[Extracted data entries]
^^^^^^^^^^^^^^^^
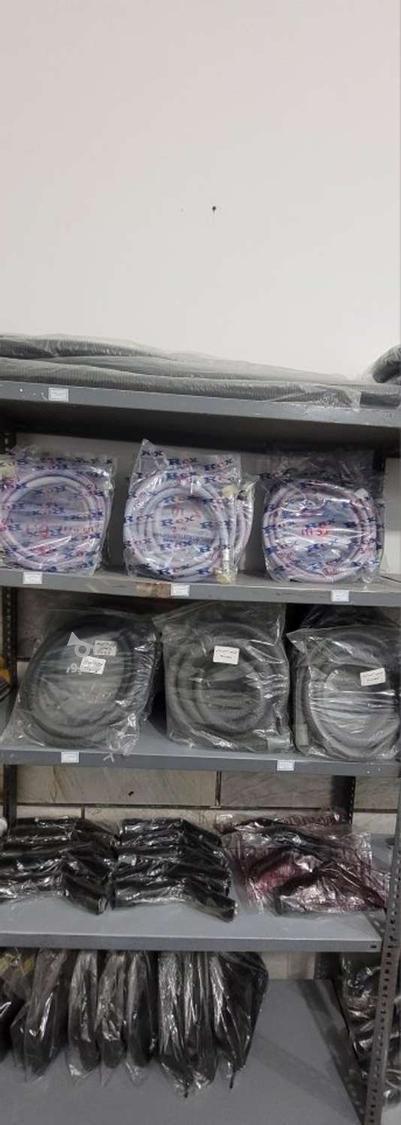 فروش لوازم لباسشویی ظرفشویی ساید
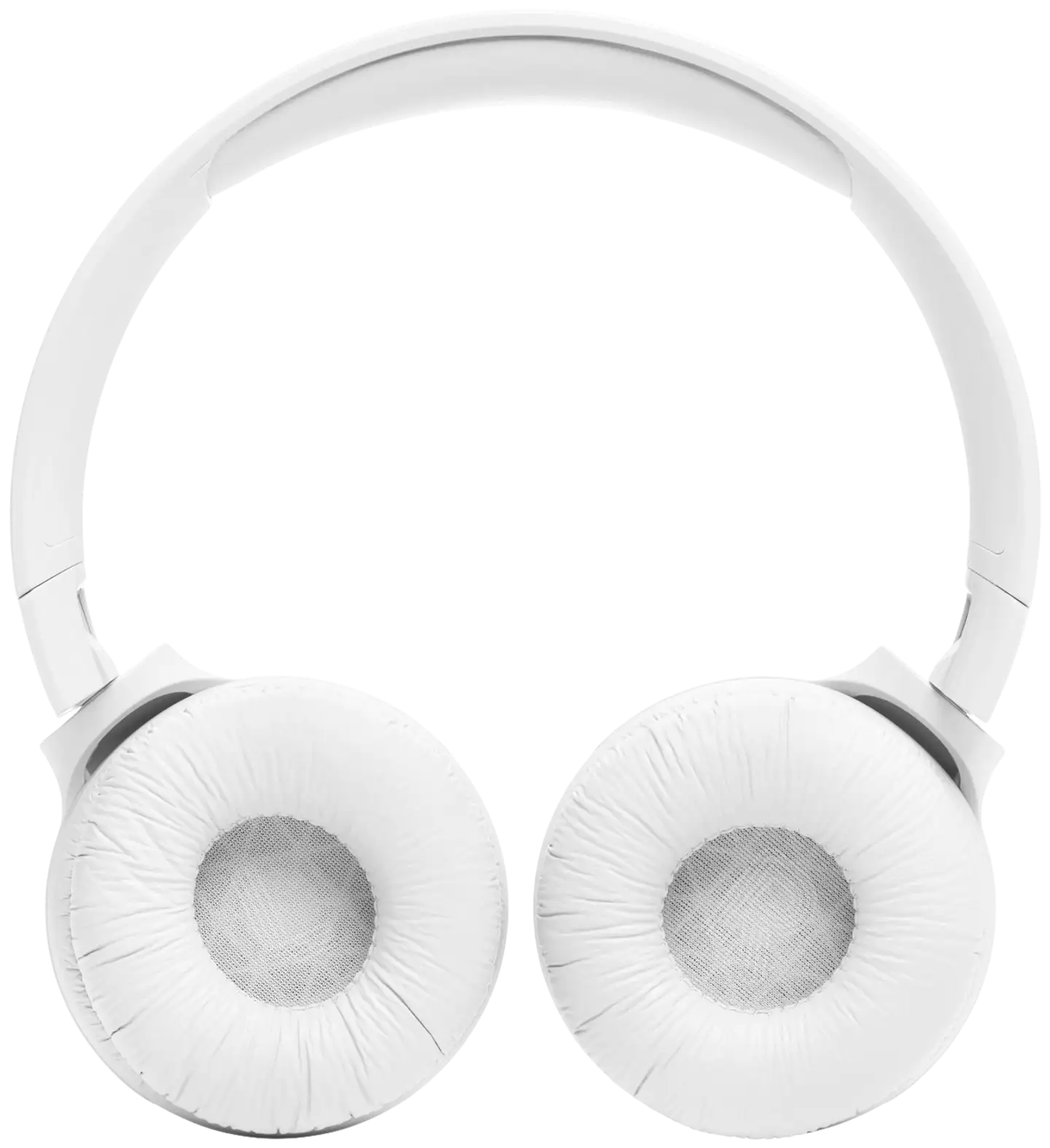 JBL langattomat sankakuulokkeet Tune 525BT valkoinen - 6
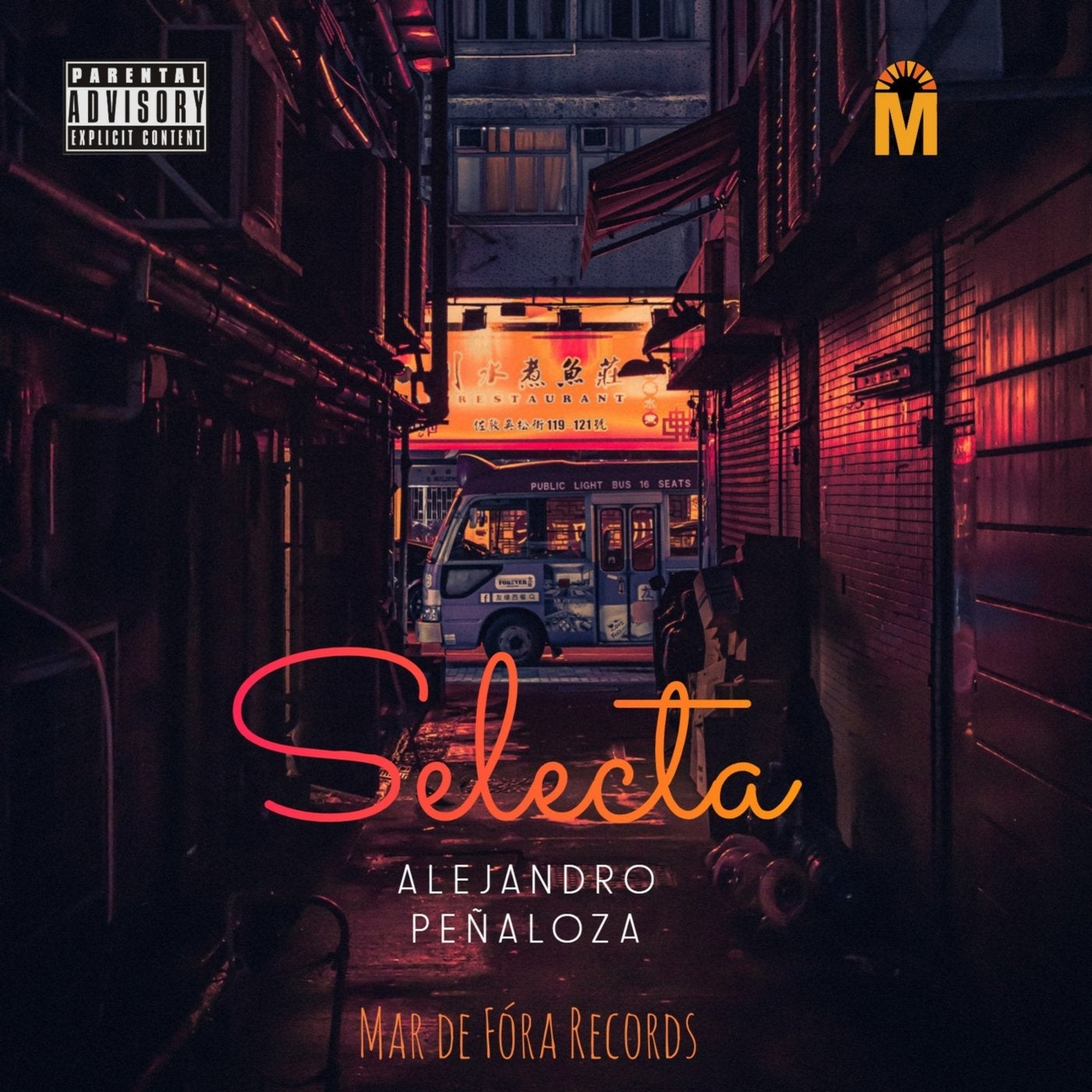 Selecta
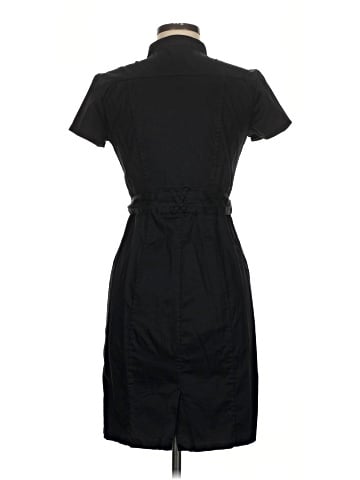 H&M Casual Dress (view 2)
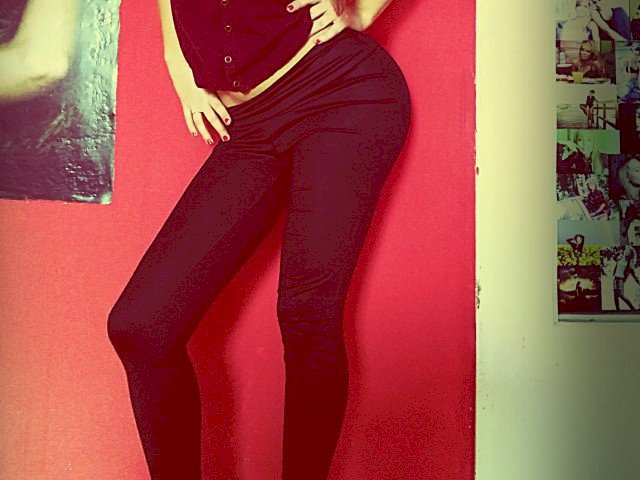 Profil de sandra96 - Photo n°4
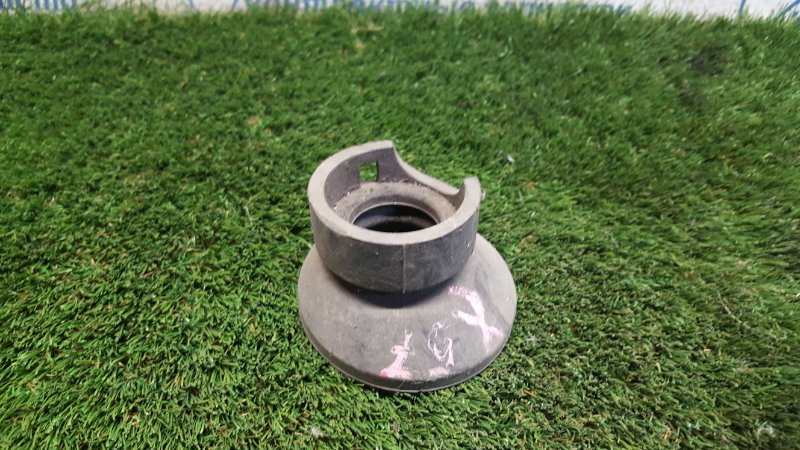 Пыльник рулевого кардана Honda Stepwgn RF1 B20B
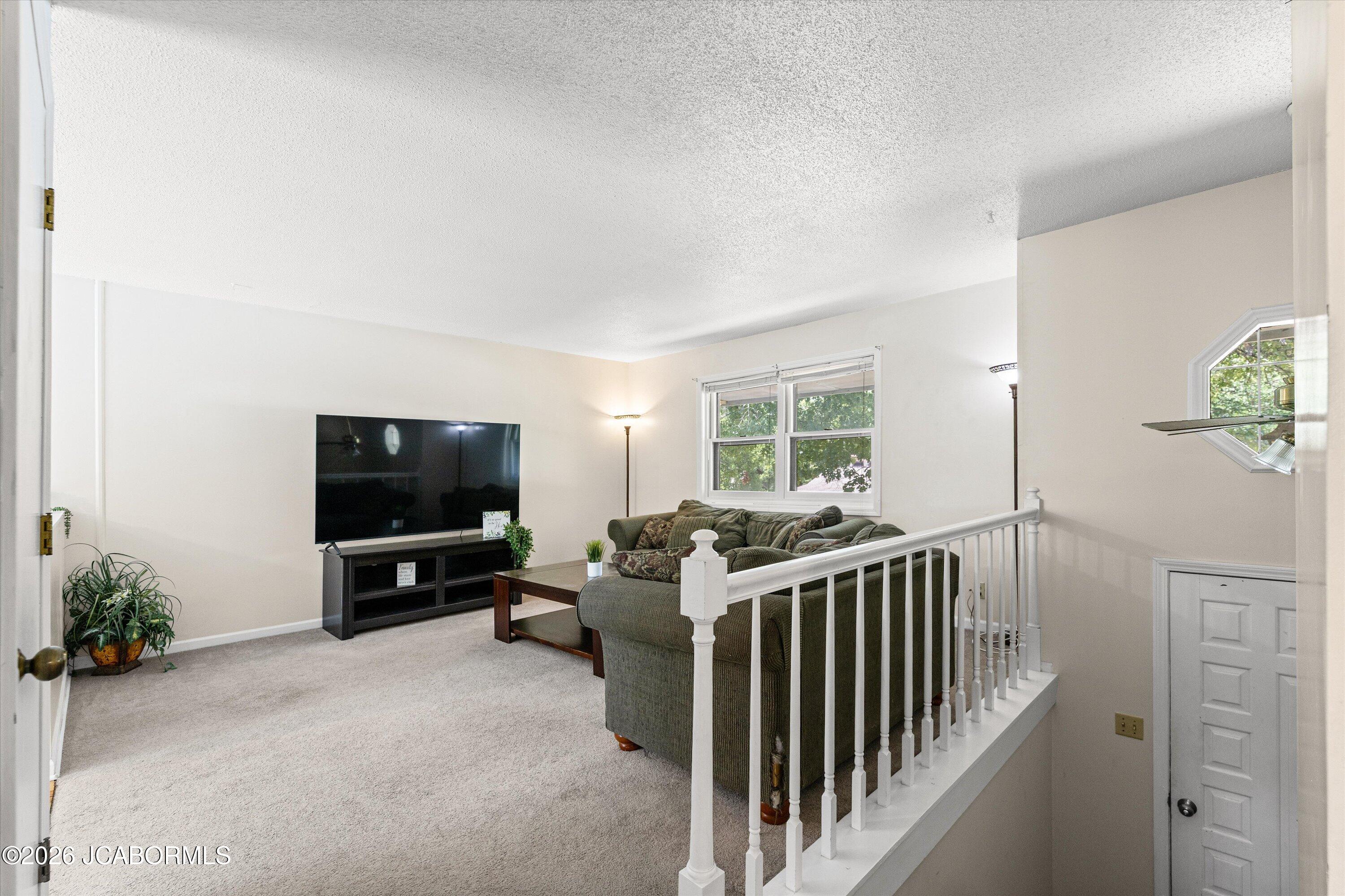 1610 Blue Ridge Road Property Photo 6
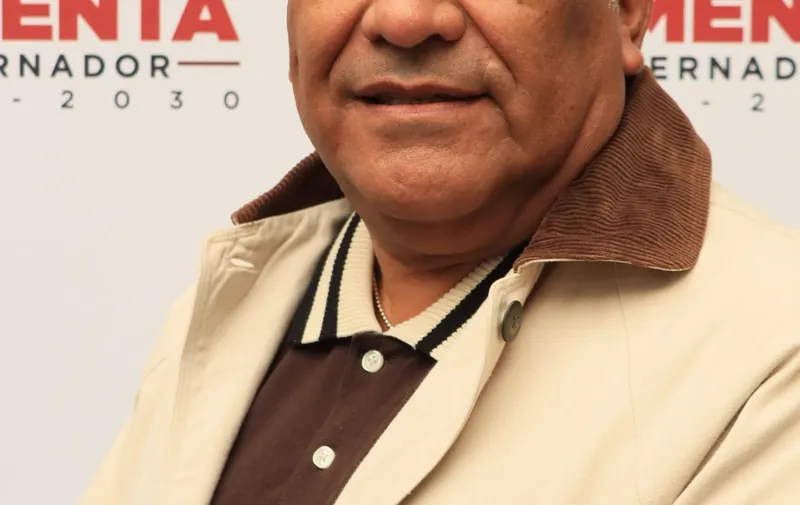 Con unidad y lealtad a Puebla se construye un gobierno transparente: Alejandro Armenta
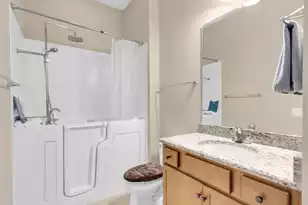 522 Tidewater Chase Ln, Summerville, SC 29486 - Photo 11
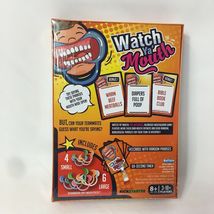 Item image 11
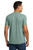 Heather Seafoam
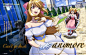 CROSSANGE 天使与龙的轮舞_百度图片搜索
^^^^^^^^^^^^^^^^
**EXERCISE:** The lines to be quoted run from the line containing "Profil de sandra96 - Photo n°4" through the end of the entries above, both included; quote them exactly and leave out any pictures.

**EXERCISE OUTPUT:**
 Profil de sandra96 - Photo n°4
 Пыльник рулевого кардана Honda Stepwgn RF1 B20B
 1610 Blue Ridge Road Property Photo 6
 Con unidad y lealtad a Puebla se construye un gobierno transparente: Alejandro Armenta
 522 Tidewater Chase Ln, Summerville, SC 29486 - Photo 11
 Item image 11
 Heather Seafoam
 CROSSANGE 天使与龙的轮舞_百度图片搜索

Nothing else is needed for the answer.